XML Schema WG Comments on XInclude from Mary Holstege on 2001-06-19 (www-xml-xinclude-comments@w3.org from June 2001)

From: Mary Holstege <holstege@mathling.com>
Date: Tue, 19 Jun 2001 16:59:47 -0700
To: www-xml-xinclude-comments@w3.org, w3c-xml-core-wg@w3.org
Message-Id: <15151.59251.704000.128392@gargle.gargle.HOWL>
XML Schema Working Group comments on XML Inclusions Last Call Working Draft

We believe that the XInclude specification defines a foundation
specification that has to be harmonized carefully with the other
foundation specifications. The following points outline our concerns
with the specification as it stands;

(1) While the Infoset specification countenances synthetic infosets
    that do not maintain the normal consistency relations of infosets
    created directly by parsing XML, we consider it a poor idea in
    general to take advantage of that laxity, particularly in the case
    of such a foundational specification.

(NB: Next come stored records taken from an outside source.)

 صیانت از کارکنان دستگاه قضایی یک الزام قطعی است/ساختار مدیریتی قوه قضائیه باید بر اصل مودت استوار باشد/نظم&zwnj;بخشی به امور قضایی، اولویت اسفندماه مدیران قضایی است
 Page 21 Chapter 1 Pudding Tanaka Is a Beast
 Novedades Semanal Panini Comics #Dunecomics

    We believe the XInclude specification must be crystal clear which
    Infoset properties are adjusted, and how, and further that it
    should specify rules so that core invariants are maintained. Since
    a downstream application has no markers in an Infoset that the
    XInclude process has occurred, it is unacceptable to create an
    Infoset that cannot be processed in the normal way. The XInclude
    specification itself highlights several situtations that call out
    for special processing. We call on the specification not to
    satisfy itself  with highlighting the problems, but to solve
    them. Among these are:

    namespace handling
    base handling
    name collisions on notations and entities
    PSVI properties

	We find the statement that PSVI properties be carried across
	untouched particularly troubling: this decision makes it
	impossible to build reliable type-aware applications in an
	environment where XInclude processing may occur. 

   We respectfully dissentand request that:
    (a) the specification enumerate precisely which infoset properties are
        affected by the inclusion operation, and how they are affected;
    (b) the specification require that infoset consistency be preserved;
    (c) most particularly that PSVI properties be either carried across
        so as to maintain consistency or not be carried across at all.

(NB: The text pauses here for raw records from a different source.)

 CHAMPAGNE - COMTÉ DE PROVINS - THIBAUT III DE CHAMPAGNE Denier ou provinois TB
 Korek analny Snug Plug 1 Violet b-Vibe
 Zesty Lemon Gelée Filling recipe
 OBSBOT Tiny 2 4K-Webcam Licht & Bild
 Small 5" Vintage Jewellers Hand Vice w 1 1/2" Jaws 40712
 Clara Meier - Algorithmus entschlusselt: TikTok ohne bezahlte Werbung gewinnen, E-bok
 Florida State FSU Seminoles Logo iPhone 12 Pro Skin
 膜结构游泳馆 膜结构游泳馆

(2) We are deeply concerned that the XInclude specification interferes
    with meaningful type-aware processing. Some of the arguments are
    similar to those of
    http://tigger.uic.edu/~cmsmcq/tech/xml/munging.html. By raising
    an infrastructural process to the same architectural level as an
    application process, an ambiguity arises. Since it is not possible 
    to know whether XInclude will be applied before or after validation 
    it becomes difficult to write schemas (and/or DTDs) that correctly 
    describe instances that use XInclude, requiring the schema to either 
    use an overabundance of disjunctions (xml:include | myElement) throughout
    the schema or "lie" at some point in the processing about the logical 
    structure of the instances. Ubiquitous disjunctions are non-trivial 
    to implement and may substantially harm the logical model of a schema.

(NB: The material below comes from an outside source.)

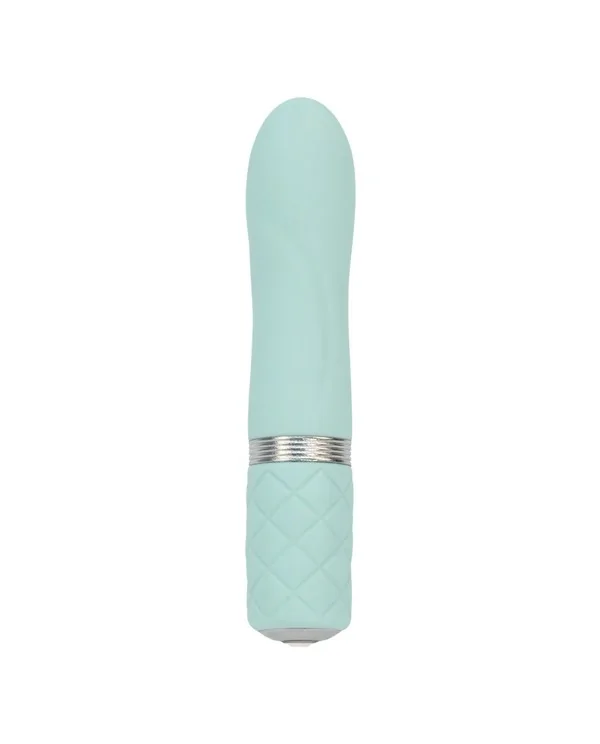 FLIRTY VIBRADOR CON CRISTAL TURQUESA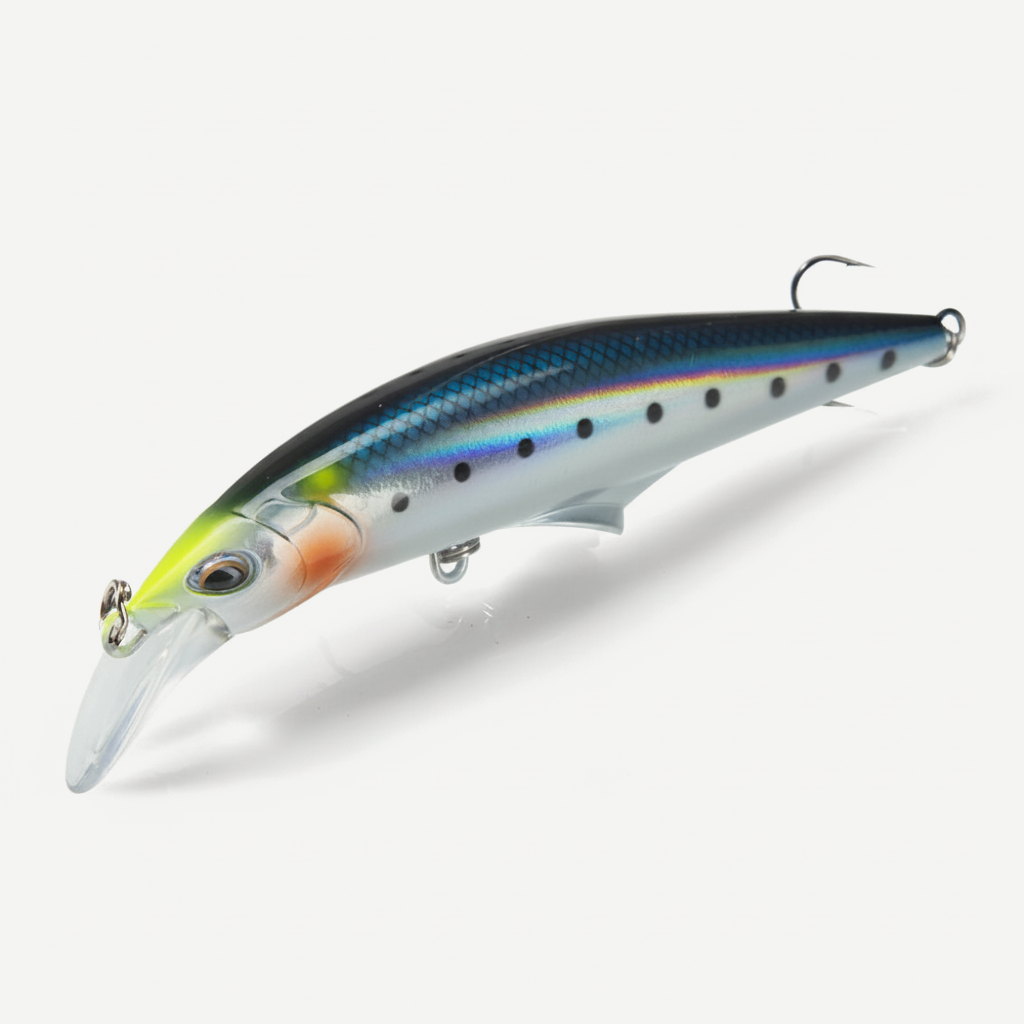 Hunthouse Fishing Lures Sinking Minnow Lure 95mm 120mm Long Casting Hard Bait Artificial Swimbait Jerkbaits For Bass Tac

    Some of our members have suggested that replacing the magic
    element with a magic type or a magic wildcard (any) would smooth
    the integration, but we have no consensus or concrete proposals at
    this time.

    In general, there are architectural questions raised by the
    ambiguities inherent in combining, for example, XInclude with
    type-aware XPath. We believe these questions must be carefully
    considered and resolved. We recognize that resolving these
    questions should not fall solely on the XInclude specification
    alone: they are larger questions.

    We hope to work with the Core WG to help resolve these important
    architectural questions, which be believe must be resolved, and look
    forward to the Processing Model Workshop as a forum for progress on these
    issues. 

(3) We consider it a mistake to erase all record that XInclude
    processing has occurred. This damages the usability of this
    specification for many applications, such as distributed editing,
    document packaging, and so on. Leaving a trace may well be part of a
    solution to (2) above. We do not find the fact that the current
    Infoset specification does not mandate properties recording a trace of
    external entities a reason for XInclude to do likewise for two reasons:
    (1) some feel that that decision for Infoset was not a wise one, and
    (2) XInclude processing, unlike external entity resolution, is not 
    guaranteed to occur before parsing and validation (and indeed that is 
    the point of using an XML syntax for inclusion!). The preponderance of
    the opinion in the Schemas WG was that this is a very important issue than
    must be addressed, although a minority felt it was less crucial.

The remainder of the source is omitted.